◆ **Data in this exercise**
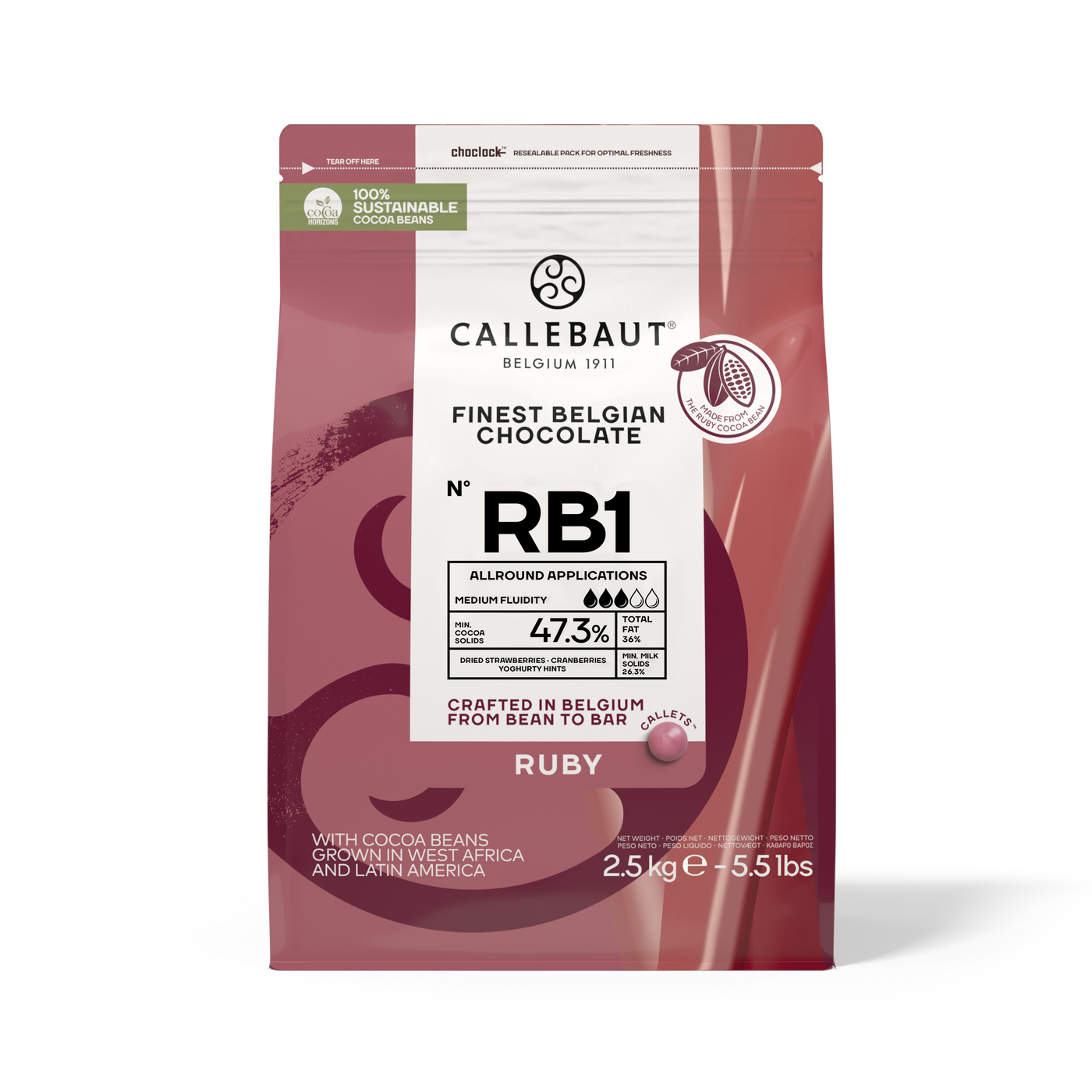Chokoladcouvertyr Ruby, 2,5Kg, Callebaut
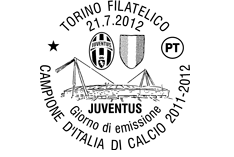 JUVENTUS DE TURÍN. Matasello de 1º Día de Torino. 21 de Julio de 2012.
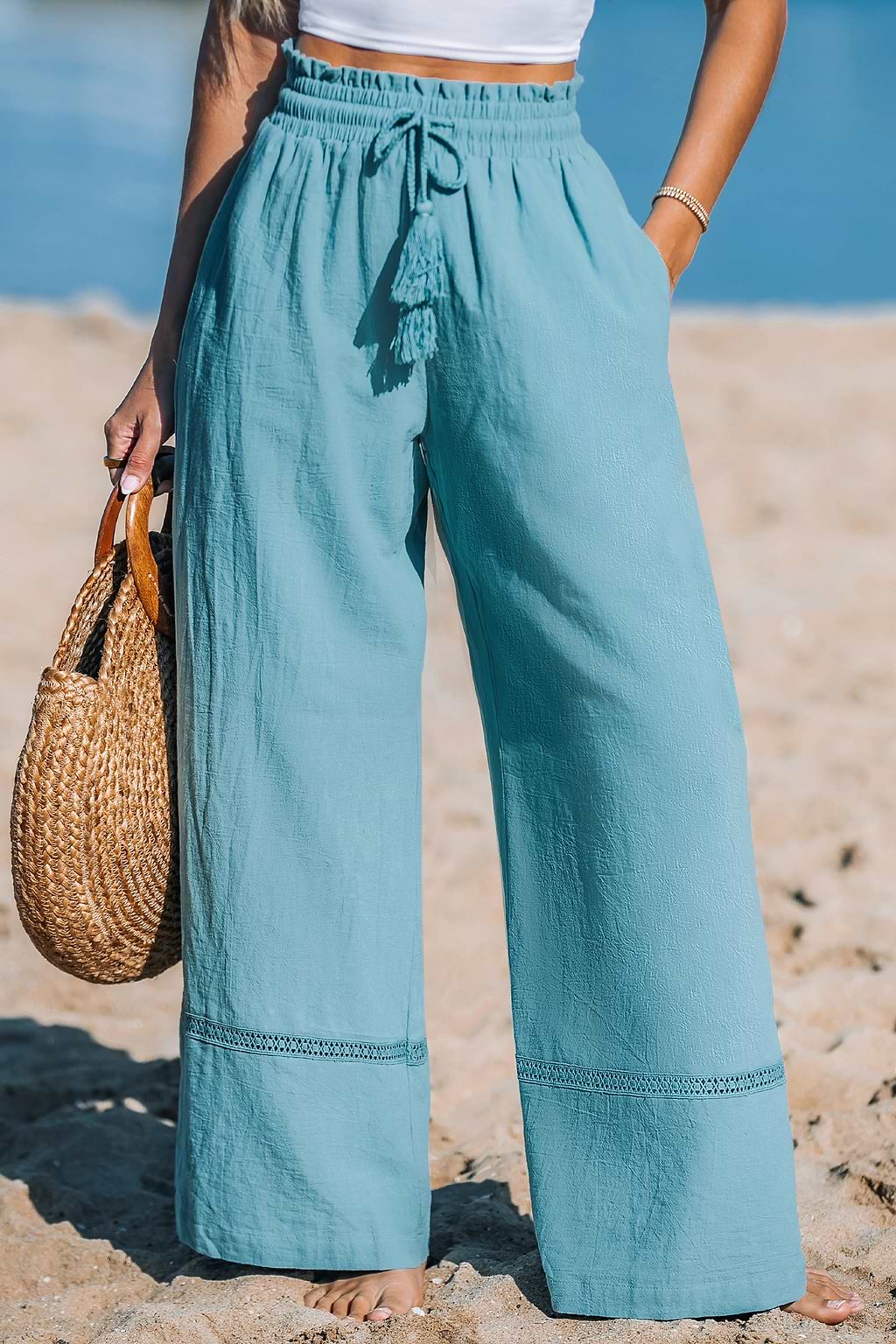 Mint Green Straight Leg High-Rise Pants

---

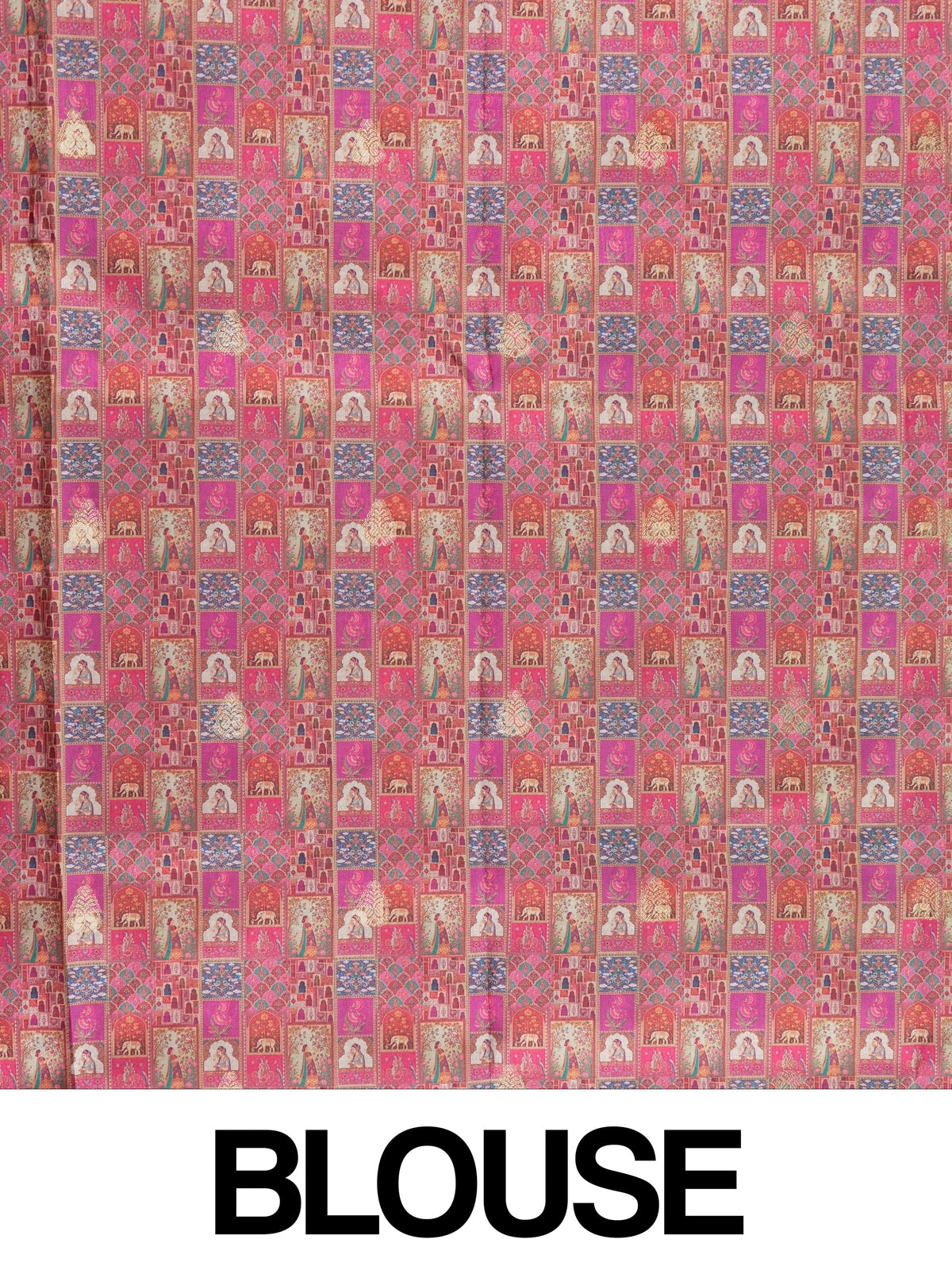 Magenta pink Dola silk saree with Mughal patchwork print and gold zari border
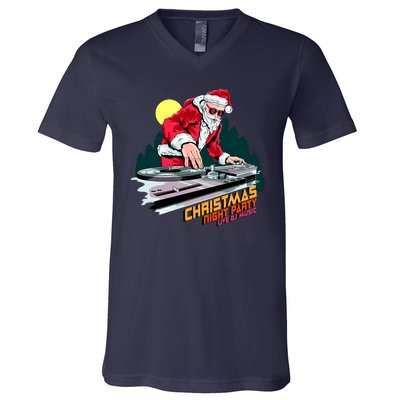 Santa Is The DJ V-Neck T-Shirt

---

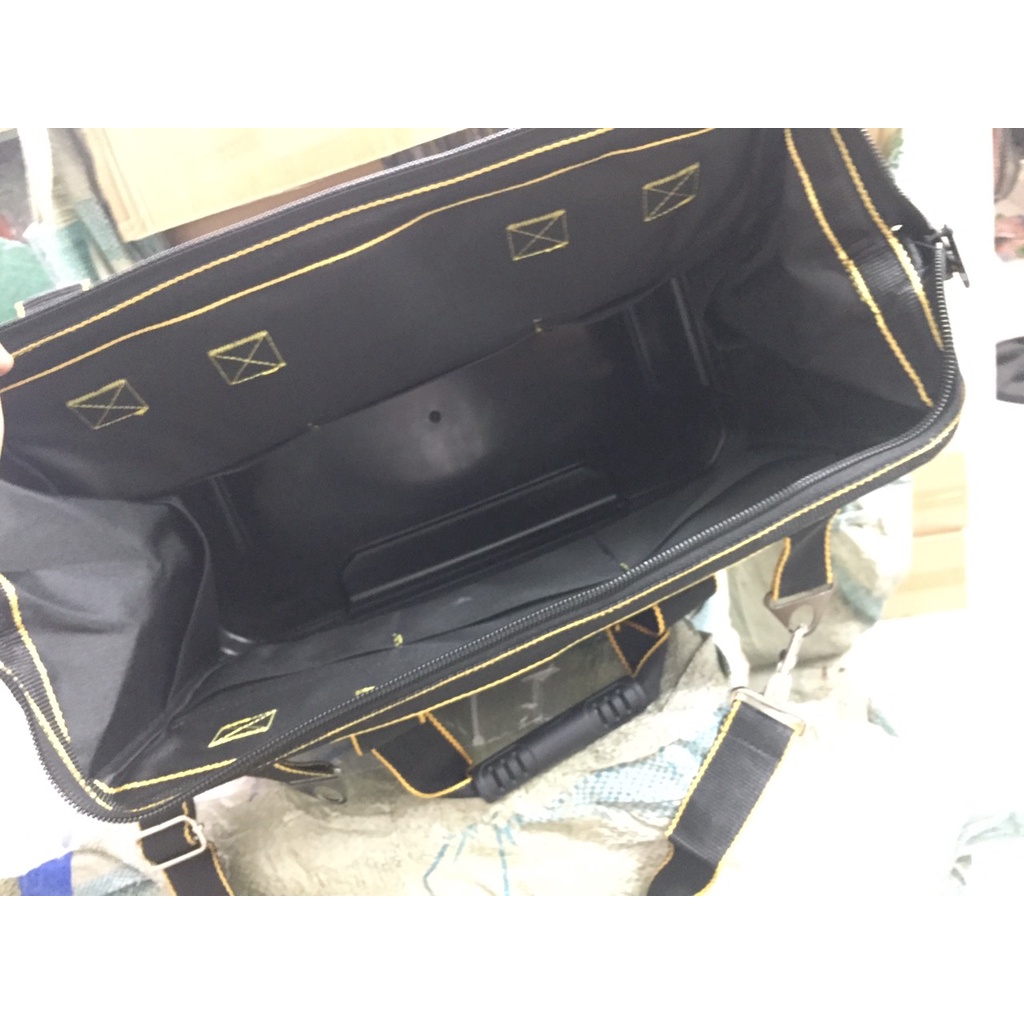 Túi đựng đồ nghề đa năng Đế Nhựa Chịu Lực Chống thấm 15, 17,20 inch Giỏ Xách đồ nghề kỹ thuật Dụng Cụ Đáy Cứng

◆ **Task goal**
Print nothing but the lines above starting with the line that contains "Chokoladcouvertyr Ruby, 2,5Kg, Callebaut" and going on through the line that contains "Mint Green Straight Leg High-Rise Pants". Leave out the pictures.

◆ **Solution to this exercise**
Chokoladcouvertyr Ruby, 2,5Kg, Callebaut
 JUVENTUS DE TURÍN. Matasello de 1º Día de Torino. 21 de Julio de 2012.
 Mint Green Straight Leg High-Rise Pants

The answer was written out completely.